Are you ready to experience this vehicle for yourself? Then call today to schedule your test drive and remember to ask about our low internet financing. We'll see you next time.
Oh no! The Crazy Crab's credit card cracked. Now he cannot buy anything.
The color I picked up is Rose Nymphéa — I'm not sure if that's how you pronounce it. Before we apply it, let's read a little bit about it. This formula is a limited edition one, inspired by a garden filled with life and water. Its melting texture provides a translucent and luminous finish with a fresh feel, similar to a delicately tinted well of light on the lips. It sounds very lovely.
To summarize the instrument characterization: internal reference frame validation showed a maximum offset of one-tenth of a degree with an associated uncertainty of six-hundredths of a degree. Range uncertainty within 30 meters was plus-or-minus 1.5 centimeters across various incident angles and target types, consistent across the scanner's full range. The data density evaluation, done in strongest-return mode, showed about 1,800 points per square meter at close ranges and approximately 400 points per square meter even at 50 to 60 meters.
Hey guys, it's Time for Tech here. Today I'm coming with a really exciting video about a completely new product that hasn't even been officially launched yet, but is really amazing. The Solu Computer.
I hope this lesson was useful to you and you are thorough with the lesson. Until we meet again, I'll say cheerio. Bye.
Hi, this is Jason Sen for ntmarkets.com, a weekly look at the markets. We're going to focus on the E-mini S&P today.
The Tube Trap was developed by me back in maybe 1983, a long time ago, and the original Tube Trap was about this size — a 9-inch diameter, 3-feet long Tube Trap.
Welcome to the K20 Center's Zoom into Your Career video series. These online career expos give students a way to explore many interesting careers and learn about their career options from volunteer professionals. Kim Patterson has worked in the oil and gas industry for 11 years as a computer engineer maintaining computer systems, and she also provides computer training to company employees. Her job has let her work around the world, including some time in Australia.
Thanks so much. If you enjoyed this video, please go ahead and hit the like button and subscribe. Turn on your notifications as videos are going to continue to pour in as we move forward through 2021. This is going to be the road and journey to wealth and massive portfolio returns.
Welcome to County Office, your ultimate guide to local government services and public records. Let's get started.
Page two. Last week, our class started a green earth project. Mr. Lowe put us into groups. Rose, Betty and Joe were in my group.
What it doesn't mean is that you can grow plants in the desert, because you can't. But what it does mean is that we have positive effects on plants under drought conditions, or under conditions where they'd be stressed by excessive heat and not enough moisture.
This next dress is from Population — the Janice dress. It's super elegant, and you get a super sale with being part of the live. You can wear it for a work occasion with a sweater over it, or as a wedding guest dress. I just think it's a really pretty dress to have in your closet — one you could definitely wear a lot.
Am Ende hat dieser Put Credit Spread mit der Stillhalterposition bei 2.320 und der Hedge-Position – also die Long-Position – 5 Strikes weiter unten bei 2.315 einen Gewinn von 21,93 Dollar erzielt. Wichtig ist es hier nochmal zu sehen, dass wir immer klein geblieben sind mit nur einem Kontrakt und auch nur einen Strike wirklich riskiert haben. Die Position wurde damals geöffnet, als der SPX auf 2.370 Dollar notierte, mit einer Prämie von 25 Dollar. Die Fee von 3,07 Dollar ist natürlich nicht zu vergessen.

#### Work task
Start at the first line of the entries above. Set down each line exactly through the one with "Hi, this is", and stop there.

#### Solution to the problem
Are you ready to experience this vehicle for yourself? Then call today to schedule your test drive and remember to ask about our low internet financing. We'll see you next time.
Oh no! The Crazy Crab's credit card cracked. Now he cannot buy anything.
The color I picked up is Rose Nymphéa — I'm not sure if that's how you pronounce it. Before we apply it, let's read a little bit about it. This formula is a limited edition one, inspired by a garden filled with life and water. Its melting texture provides a translucent and luminous finish with a fresh feel, similar to a delicately tinted well of light on the lips. It sounds very lovely.
To summarize the instrument characterization: internal reference frame validation showed a maximum offset of one-tenth of a degree with an associated uncertainty of six-hundredths of a degree. Range uncertainty within 30 meters was plus-or-minus 1.5 centimeters across various incident angles and target types, consistent across the scanner's full range. The data density evaluation, done in strongest-return mode, showed about 1,800 points per square meter at close ranges and approximately 400 points per square meter even at 50 to 60 meters.
Hey guys, it's Time for Tech here. Today I'm coming with a really exciting video about a completely new product that hasn't even been officially launched yet, but is really amazing. The Solu Computer.
I hope this lesson was useful to you and you are thorough with the lesson. Until we meet again, I'll say cheerio. Bye.
Hi, this is Jason Sen for ntmarkets.com, a weekly look at the markets. We're going to focus on the E-mini S&P today.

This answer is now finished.